Becher, Uhr und blankes Geld, Alles schlug er durch, der
Schütz, Manchen Beutel leert der Held, Stets gewann er neu, der
Schütz, Schenkt die Uhr der schönen Dirn' Recht zum Hohn dem bösen
Weib; In den Bechern klar und firn Perlt' der Wein zum Zeitvertreib.

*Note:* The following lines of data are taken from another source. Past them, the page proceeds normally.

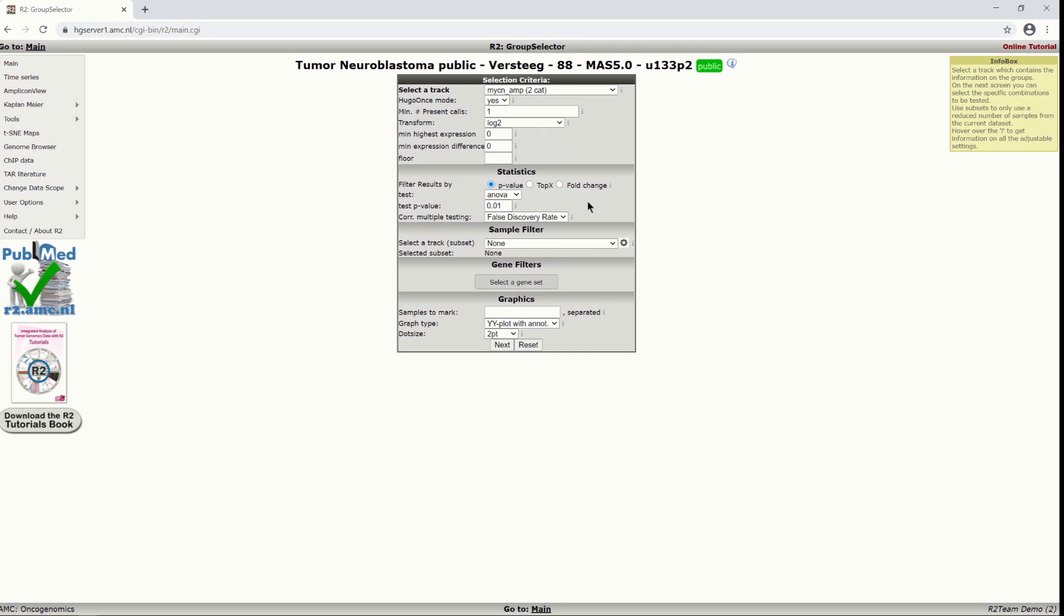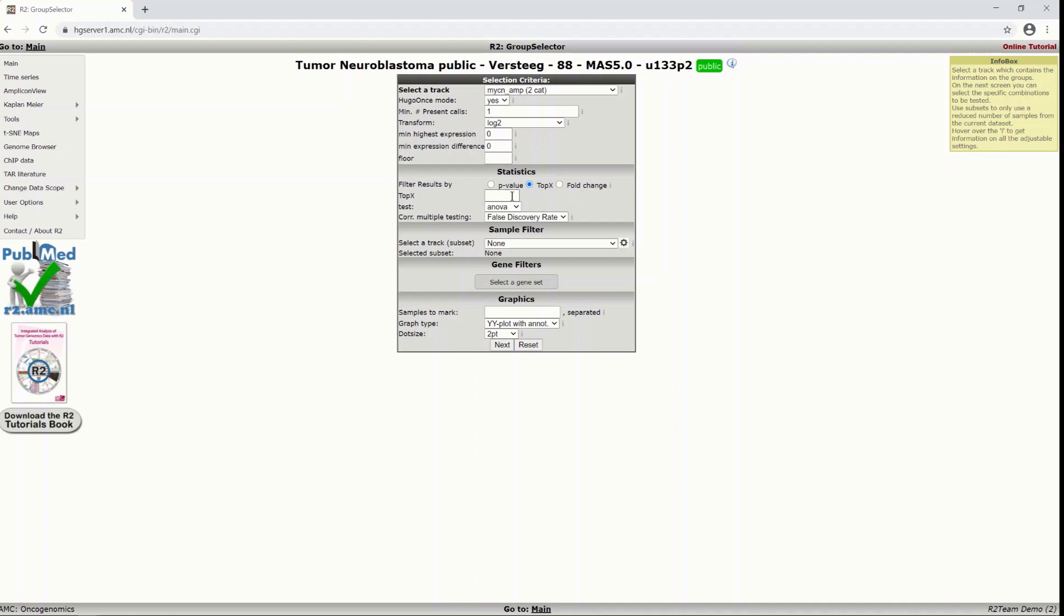Sometimes if you don't find an immediate result with this module you might want to set less stringent requirements. For instance by just asking for the top differentially expressed genes. So here you can fill in a number say 20 or 100 and you get the top 100 differentially expressed genes. Also you could use the fold changes but we will stay with the p-value.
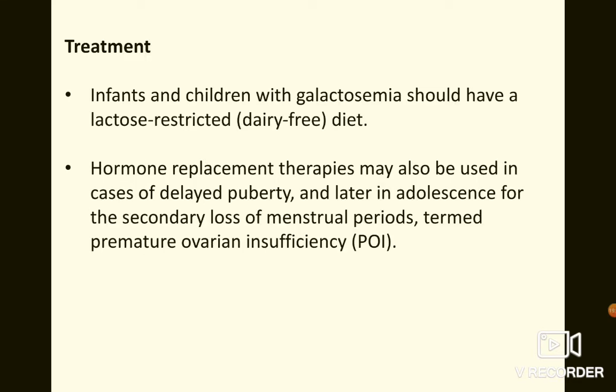Further symptoms may include diarrhea, irritability, lethargy, bacterial infection, extreme weight loss, liver failure, kidney dysfunction, brain damage, speech and learning difficulties, and ovarian impairment in girls with classic galactosemia. Treatment requires a lactose-restricted, completely dairy-free diet to prevent further accumulation of galactose. Hormone replacement therapy may be used for delayed puberty or premature ovarian insufficiency, providing relief but not a permanent cure.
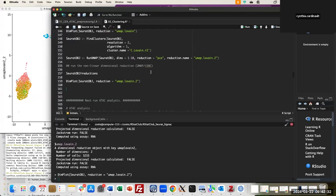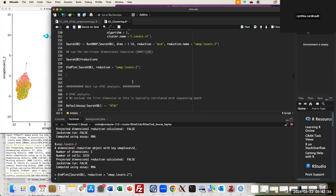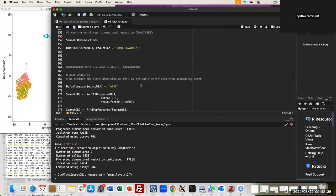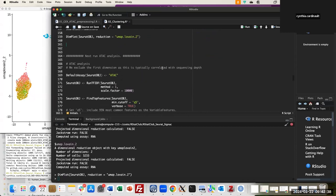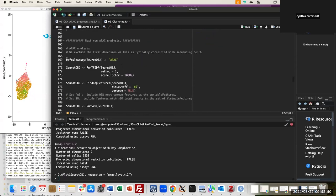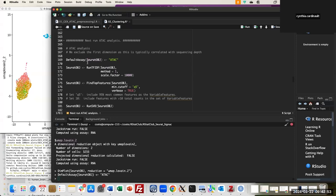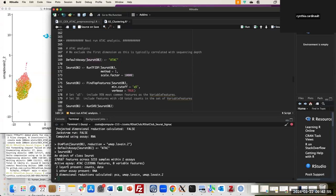Now the other two steps are very fast because they are derived from the same approach. The only difference is that I change the active assay to ATAC. I use DefaultAssay with the object and change it to ATAC. Looking at the data, the active assay is now ATAC.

Also trieb er's Tag und Nacht, Bis zu End' das große Fest Und die
bitt're Reu' erwacht, Weil er denkt ans Drachennest, Wo der böse Drach'
ihm haust, Der nur Gold und Silber frißt; Und dem guten Schützen
graust, Da er die Gefahr ermißt.
Blieb ihm noch ein Schuß zur Hand Und noch zehn Minuten Zeit Für den
Stich ins «Vaterland» Ach wie scheint die Scheibe weit! Hell vom
Tempel blinkt der Gruß Goldgefüllter Silberschal': Sie gewinn' ich, weil
ich muß, Denn es bleibt mir keine Wahl!
Vater Tell im Himmelszelt! Bied'rer Schütz in Gottes Schoß! Lenk'
dein Falkenaug' zur Welt, Hilf mir, denn die Not ist groß! Mach' den
Willen fest und frei, Reglos sicher meine Hand! Sind die Zeiten denn
vorbei, Da man Meisterschüsse fand?
Und er schlägt bedächtlich an, Zielet lang, der gute Schütz; Was
verwirrt ihm Sinn und Plan? Setzt er ab, der gute Schütz? Und er starret
bleich und fremd, Starret sprachlos nach der Scheib' Denn im roten
Zeigerhemd Sah er gaukeln dort sein Weib.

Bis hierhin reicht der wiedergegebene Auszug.